▸ **Dataset content**:
BEGIN

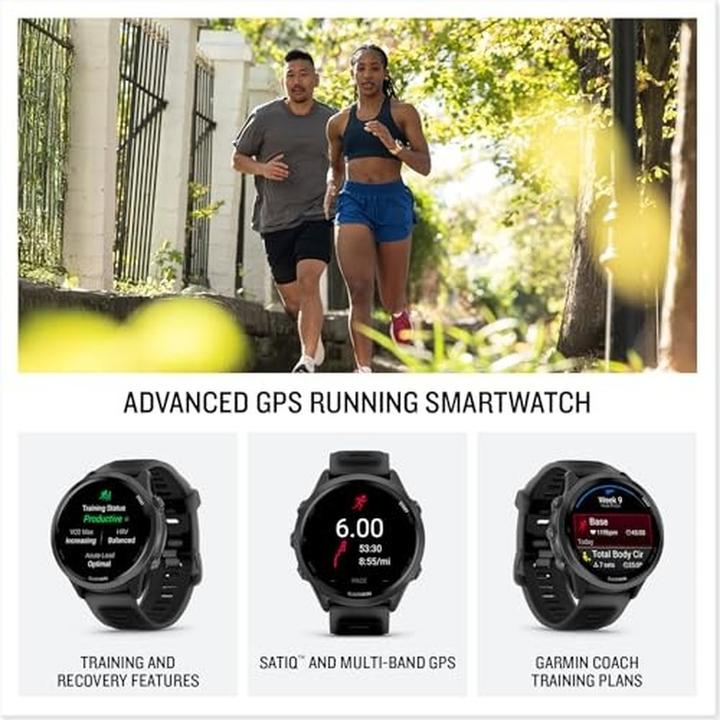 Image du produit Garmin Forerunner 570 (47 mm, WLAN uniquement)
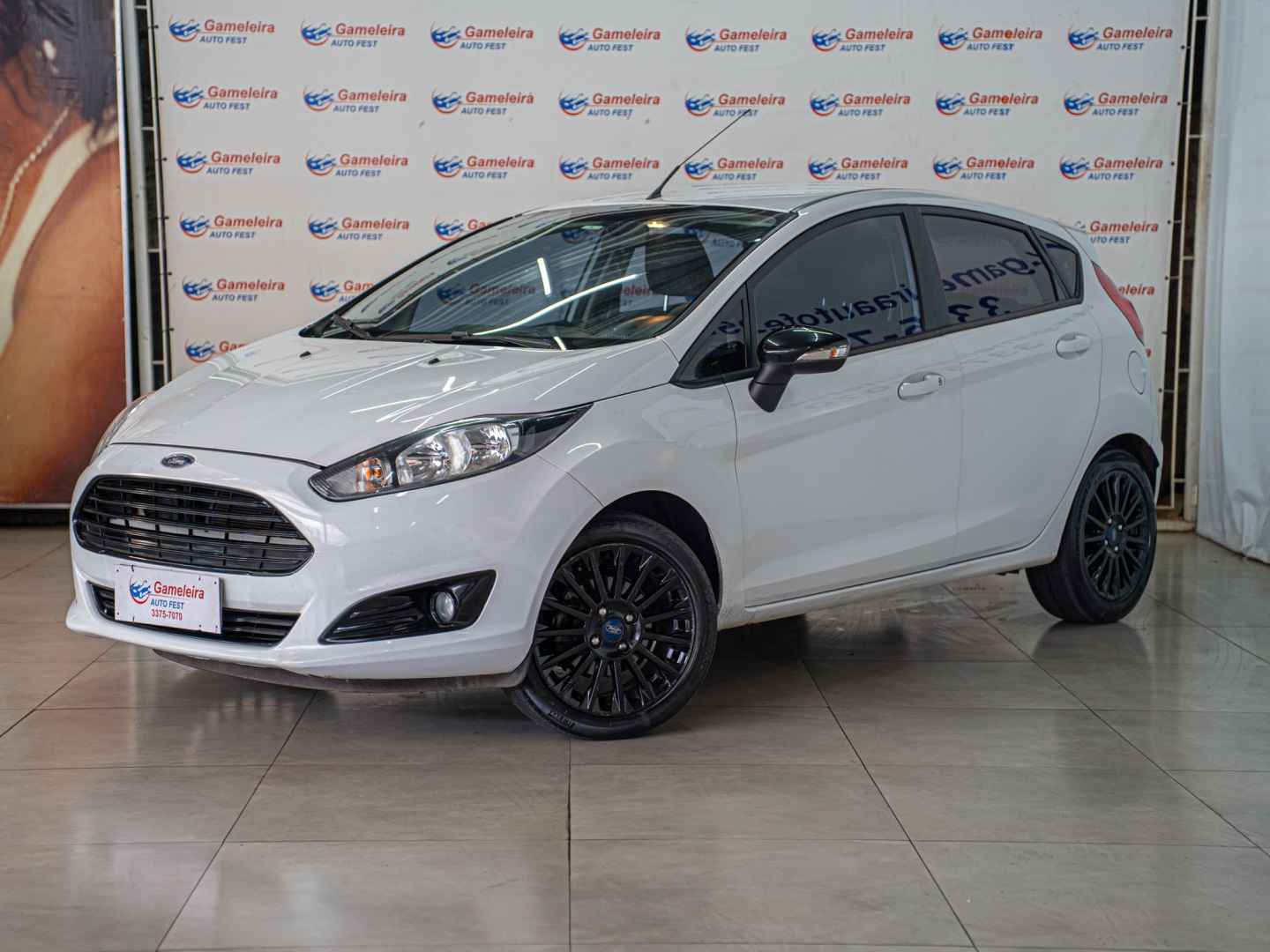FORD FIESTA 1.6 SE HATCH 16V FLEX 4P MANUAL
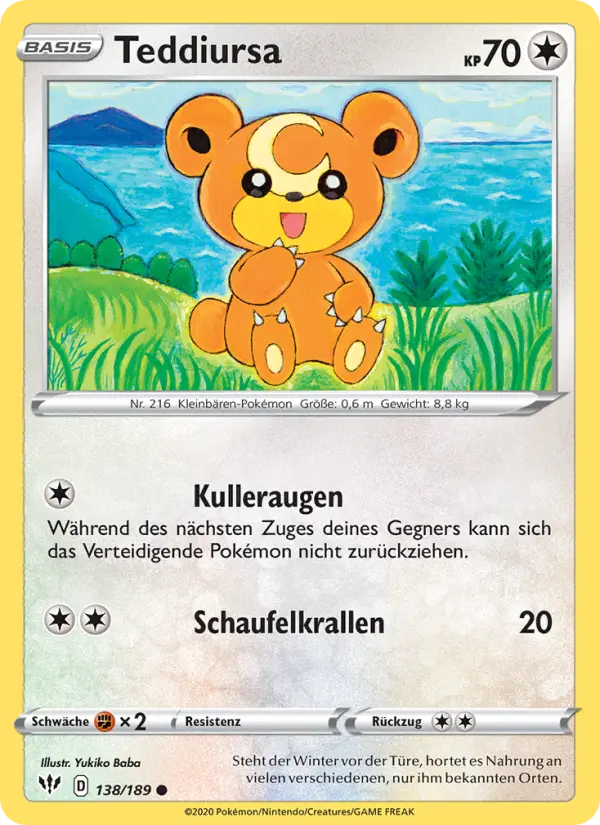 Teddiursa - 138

END

▸ **Aim of the exercise**:
Omit the pictures, then copy out all the data exactly as it stands.

▸ **Reply to the task**:
 Image du produit Garmin Forerunner 570 (47 mm, WLAN uniquement)
FORD FIESTA 1.6 SE HATCH 16V FLEX 4P MANUAL
 Teddiursa - 138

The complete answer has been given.